Ne AKP’ye ne de Melih GÖKÇEK’e bu izni vermeyeceğiz!
Tek bir ağacın kesilmesine bile razı olmayacağımız ortadayken gözlerimizin önünde kocaman bir Orman alanı, ekosistem, yaban hayatı katlediliyor. HUSUSİ ORMANLAR VE HÜKMİ ŞAHSİYETİ HAİZ AMME MÜESSESELERİNE AİT ORMANLAR kapsamında olan Orta Doğu Teknik Üniversitesi (ODTÜ) Ormanlarında kesilecek tek bir ağaç için bile Orman ve Su İşleri Bakanlığı Orman Genel Müdürlüğünden izin alınması, iznin beraberinde kesilecek ağaçların tek tek tespitinin, damgalanmasının yapılması, nakliye belgesi düzenlenmesi gibi pek çok prosedürün gerçekleştirilmesi gerekirken; yol yapımının Basına duyurulması ile kesime başlanması arasında yarım gün dahi olmayan sürede bu işlemlerin nasıl tamamlandığını soruyoruz.
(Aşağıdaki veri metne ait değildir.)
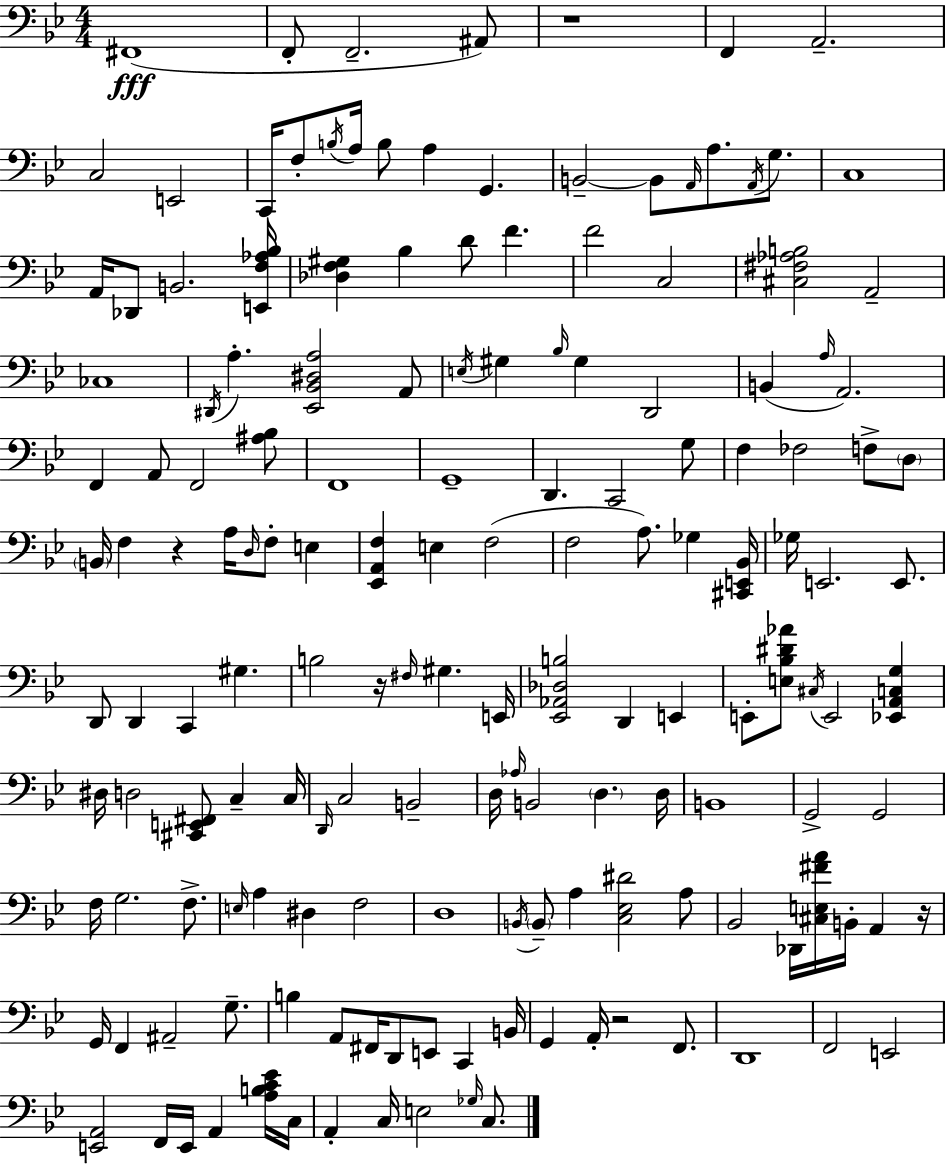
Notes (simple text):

F#2/w F2/e F2/h. A#2/e R/w F2/q A2/h. C3/h E2/h C2/s F3/e B3/s A3/s B3/e A3/q G2/q. B2/h B2/e A2/s A3/e. A2/s G3/e. C3/w A2/s Db2/e B2/h. [E2,F3,Ab3,Bb3]/s [Db3,F3,G#3]/q Bb3/q D4/e F4/q. F4/h C3/h [C#3,F#3,Ab3,B3]/h A2/h CES3/w D#2/s A3/q. [Eb2,Bb2,D#3,A3]/h A2/e E3/s G#3/q Bb3/s G#3/q D2/h B2/q A3/s A2/h. F2/q A2/e F2/h [A#3,Bb3]/e F2/w G2/w D2/q. C2/h G3/e F3/q FES3/h F3/e D3/e B2/s F3/q R/q A3/s D3/s F3/e E3/q [Eb2,A2,F3]/q E3/q F3/h F3/h A3/e. Gb3/q [C#2,E2,Bb2]/s Gb3/s E2/h. E2/e. D2/e D2/q C2/q G#3/q. B3/h R/s F#3/s G#3/q. E2/s [Eb2,Ab2,Db3,B3]/h D2/q E2/q E2/e [E3,Bb3,D#4,Ab4]/e C#3/s E2/h [Eb2,A2,C3,G3]/q D#3/s D3/h [C#2,E2,F#2]/e C3/q C3/s D2/s C3/h B2/h D3/s Ab3/s B2/h D3/q. D3/s B2/w G2/h G2/h F3/s G3/h. F3/e. E3/s A3/q D#3/q F3/h D3/w B2/s B2/e A3/q [C3,Eb3,D#4]/h A3/e Bb2/h Db2/s [C#3,E3,F#4,A4]/s B2/s A2/q R/s G2/s F2/q A#2/h G3/e. B3/q A2/e F#2/s D2/e E2/e C2/q B2/s G2/q A2/s R/h F2/e. D2/w F2/h E2/h [E2,A2]/h F2/s E2/s A2/q [A3,B3,C4,Eb4]/s C3/s A2/q C3/s E3/h Gb3/s C3/e.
Herhangi bir şahsın tek bir ağacı kesmesiyle uygulanacak yasal cezalar ve kanunların Melih GÖKÇEK’e uygulanmamasının esas sebebi nedir?
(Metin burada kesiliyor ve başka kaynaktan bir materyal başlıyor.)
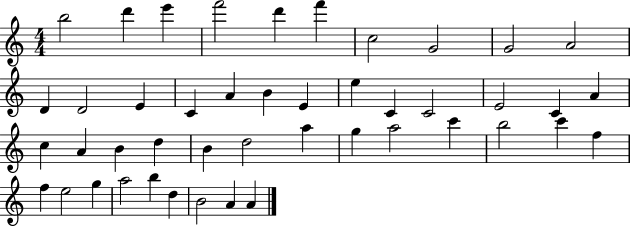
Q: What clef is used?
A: treble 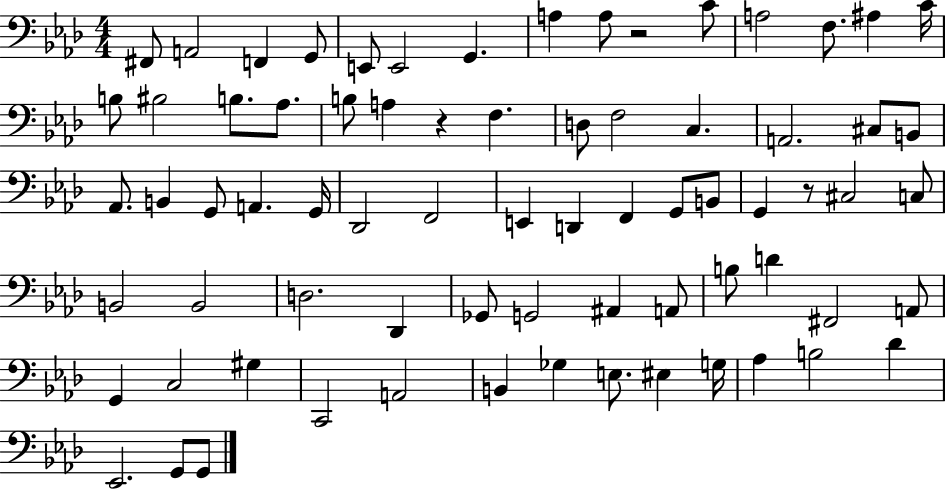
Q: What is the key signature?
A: AES major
Orman Kanununa tabi olan Orta Doğu Teknik Üniversitesi (ODTÜ)ormanlarında tüm resmi işlemler ne zaman tamamlanmış, gerekli izinler ne zaman alınmıştır?
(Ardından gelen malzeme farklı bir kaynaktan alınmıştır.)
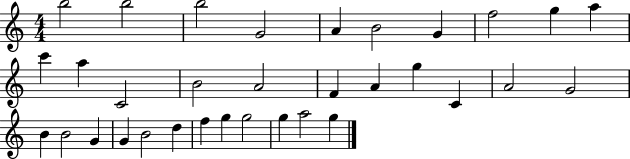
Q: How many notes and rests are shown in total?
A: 33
Bunun için zaman olmadığını, ormanın bir hırs uğruna, rant uğruna katledildiğini, rektör ile belediye başkanının el ele vererek kanunları çiğneyip devlet eliyle büyük bir suç işlediğini biliyoruz.
Sadece yol gerekçesiyle parçalanan AOÇ’nin nasıl yok edildiğini, parsellenerek ranta teslim edildiğini, Ankapark gibi hiçbir amaca hizmet etmeyen ucube yapılar için şehrin merkezinde yer alan yeşil alanın, Orman alanının yok edilişini, İşyerimiz de olan Orman Genel Müdürlüğünün çalışma arazisinin saraya ne şekilde tahsis edildiğini biliyoruz.
Belediye ve Rektör Orta Doğu Teknik Üniversitesi (ODTÜ)Ormanını AOÇ den de büyük bir kıyıma hazırladığını da biliyoruz.
Kamuoyuna 40 metreyi geçmeyeceği deklare edilen yol için kesilen alanın genişliğinin 80-100 metre olduğu görülüyor. Ormanı parçalayan yolun diğer kısmı ise fiilen mevcut ekosistemden koparılarak canlıların yaşamını sürdüremez hale dönüştürülüyor. Oluşan toz bulutu ağaçların tamamının üzerini kaplayacağı için fotosentezi imkansız kılıyor.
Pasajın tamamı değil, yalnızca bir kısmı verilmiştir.